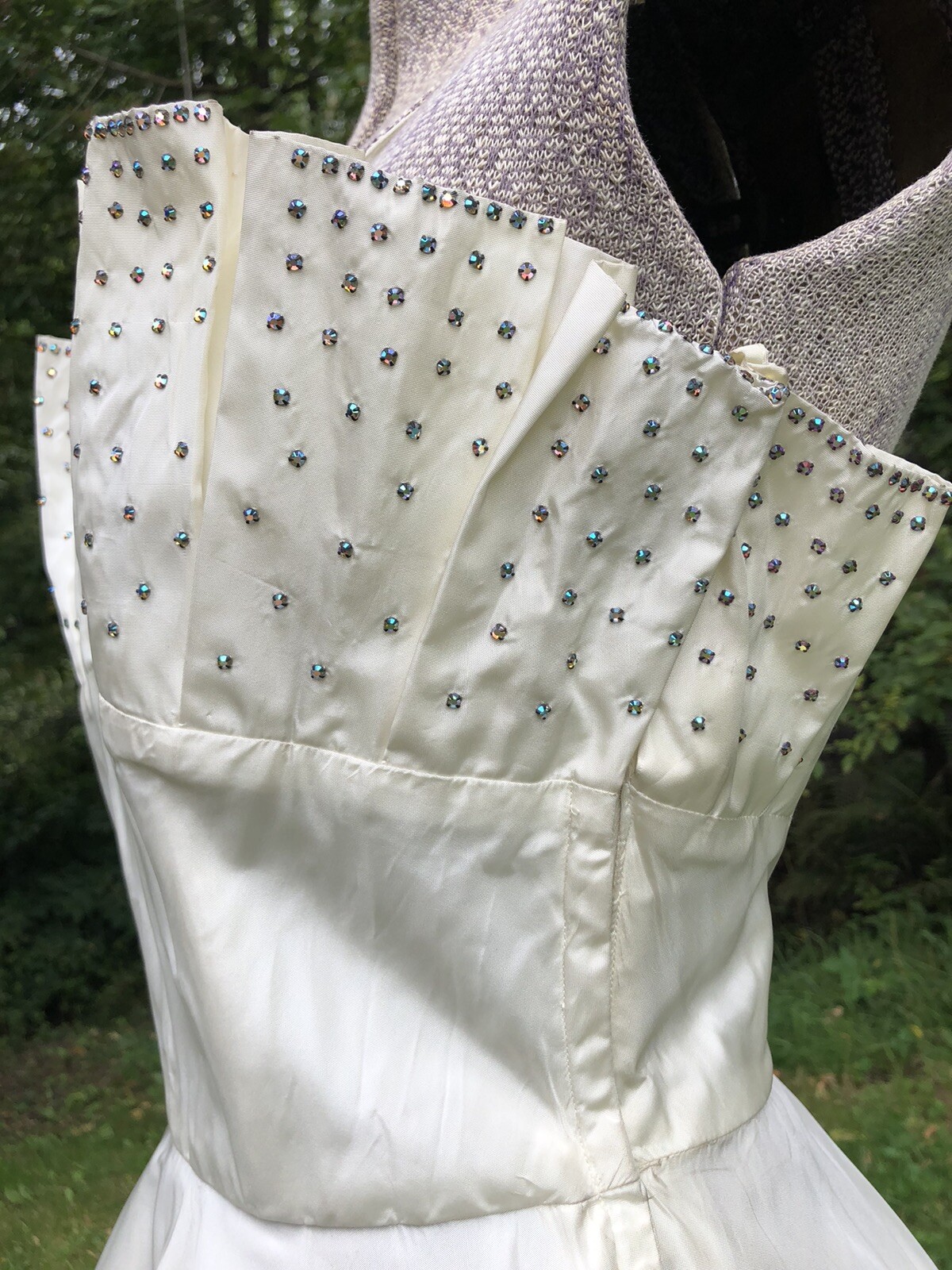 Vintage 1940’s 1950’s Strappy Aurora Borealis Rhinestone Cocktail DRESS 31-22-52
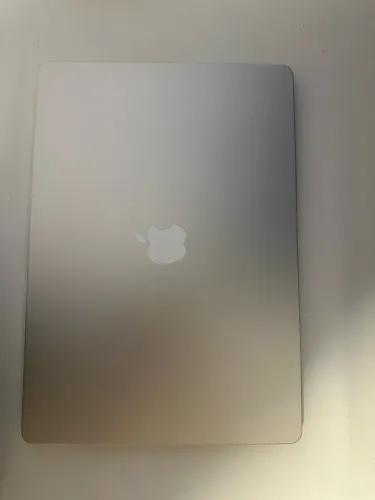 Macbook Air M5 15,3 polegadas - Starlight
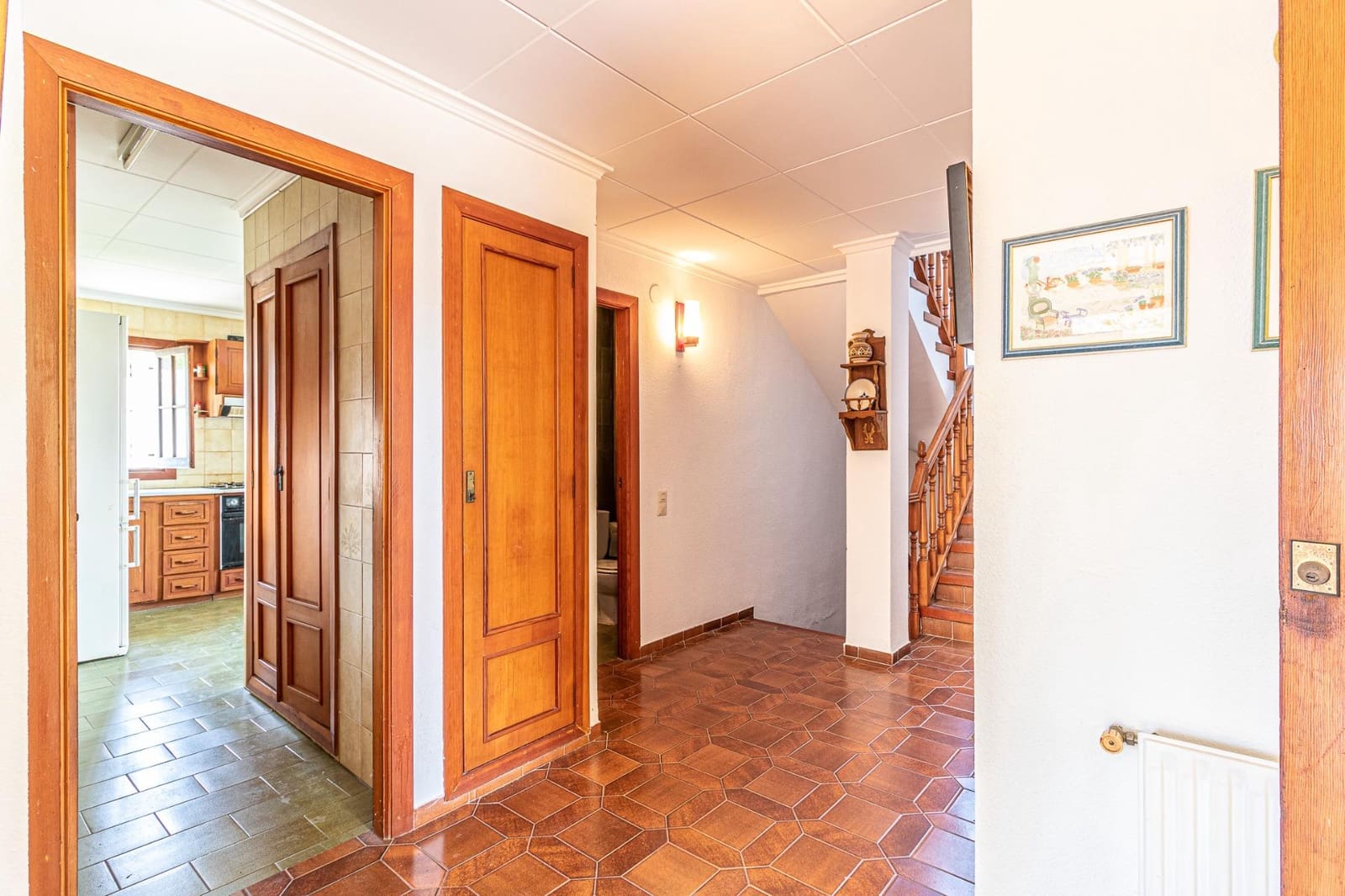 5 bedroom Villa for sale in Carlet with pool garage - € 410,000 (Ref: 9360142)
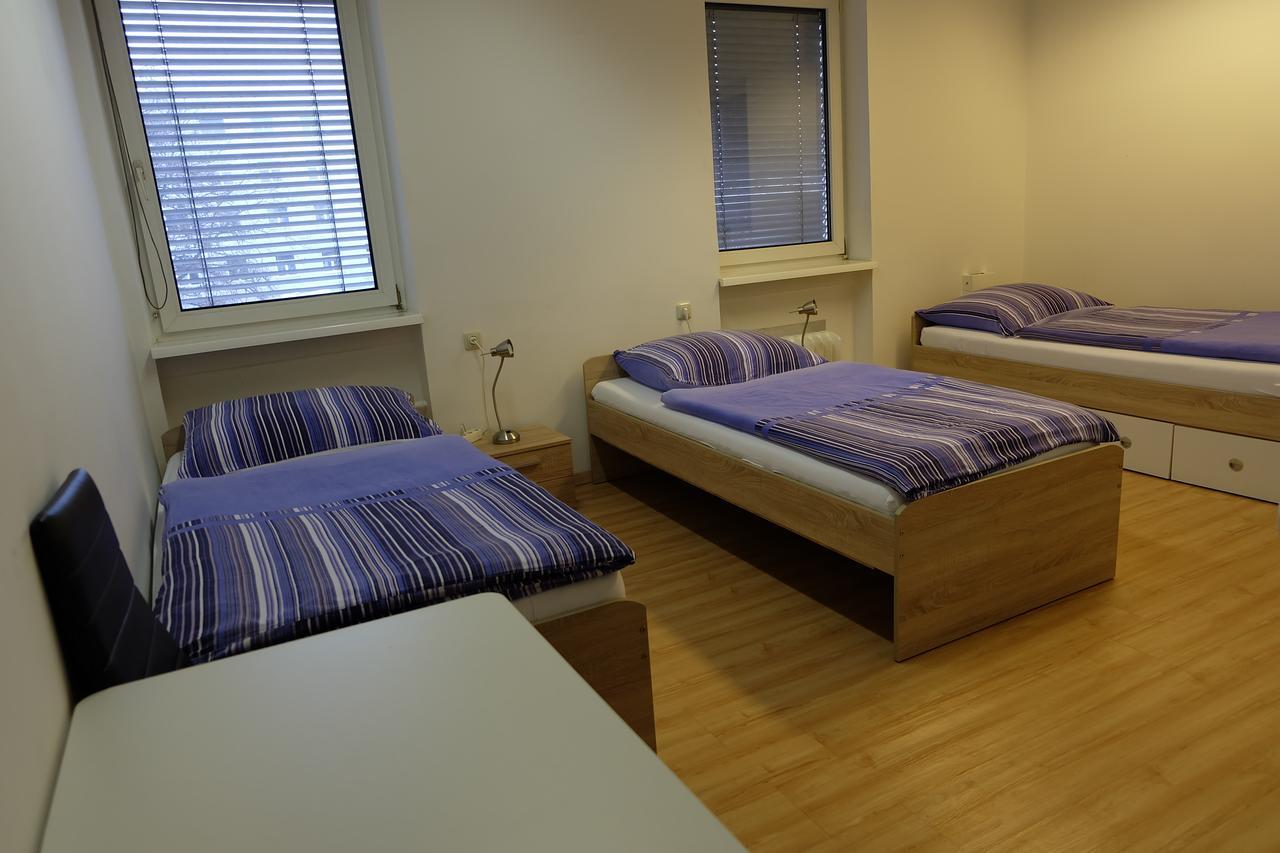 Montagehotel Bed & Steel Linz Kültér fotó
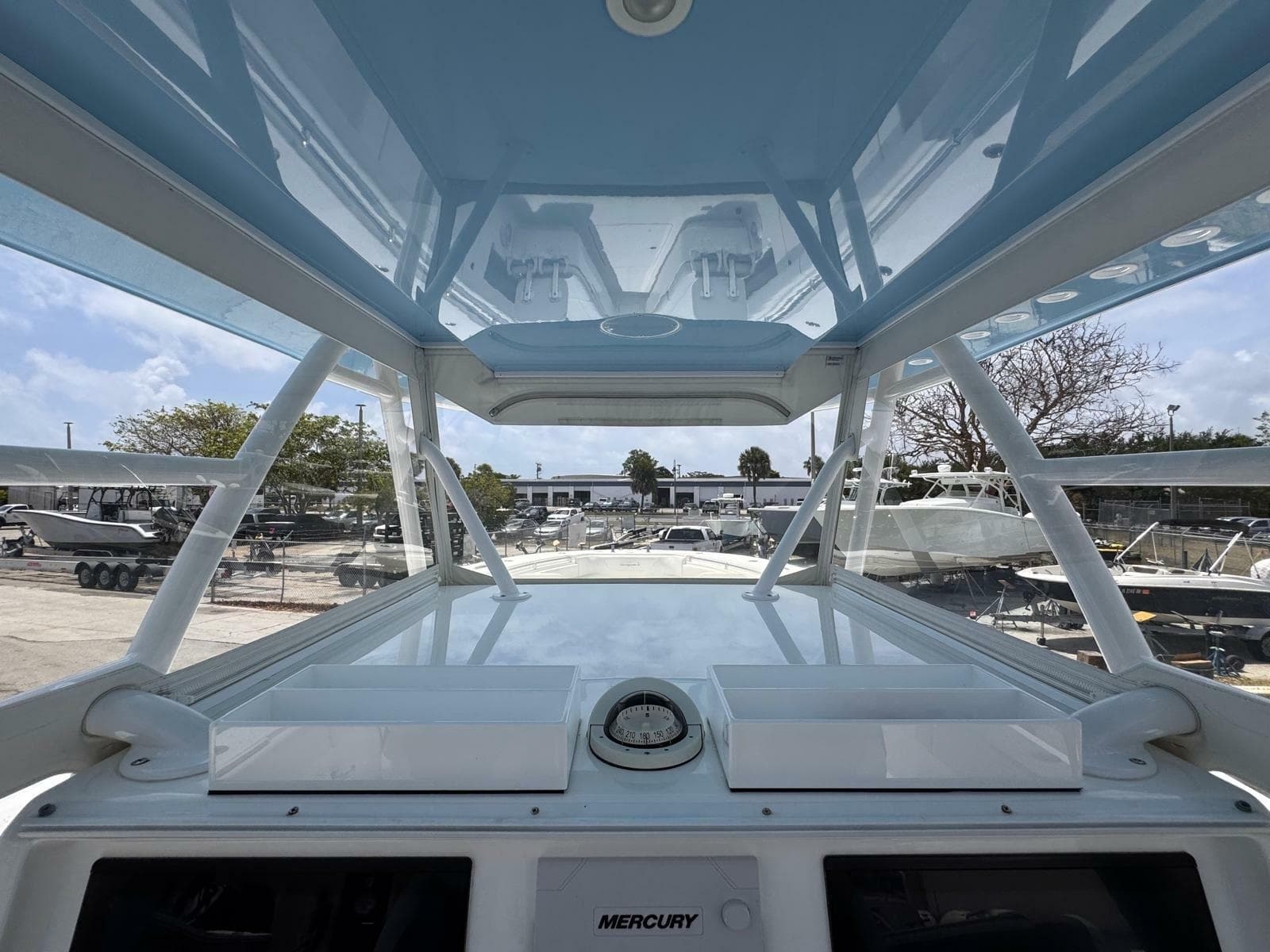 2019 Invincible 42 Open - Photo 16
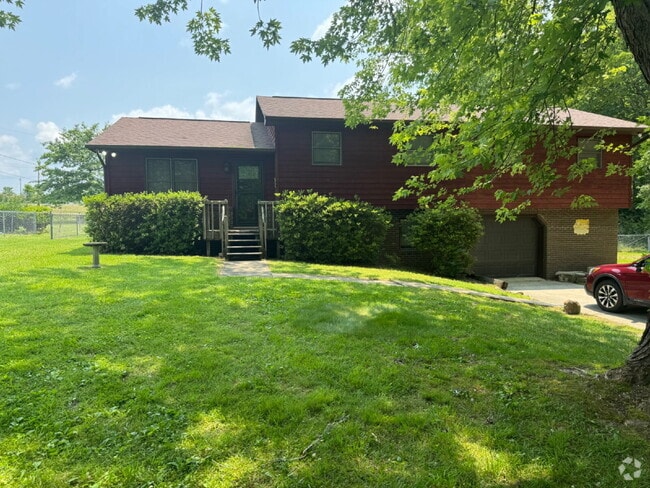 Building Photo - 3 bedroom 2 Bathroom home
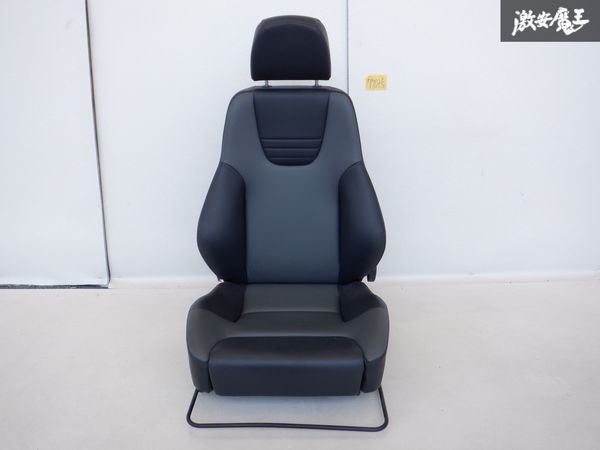 いすゞ 純正 RECARO レカロ TYP IS 2000 UGS25DW ビークロス レザー シート 座席 左右 共用 三角ダイヤル 黒×グレー系 KBA90513 2W2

════════

◆ Problem details
Can the lines from the one with "Building Photo - 3 bedroom 2 Bathroom home" to the end of the records above be quoted exactly, both ends included, with every picture omitted?

◆ Solution to the exercise
 Building Photo - 3 bedroom 2 Bathroom home
 いすゞ 純正 RECARO レカロ TYP IS 2000 UGS25DW ビークロス レザー シート 座席 左右 共用 三角ダイヤル 黒×グレー系 KBA90513 2W2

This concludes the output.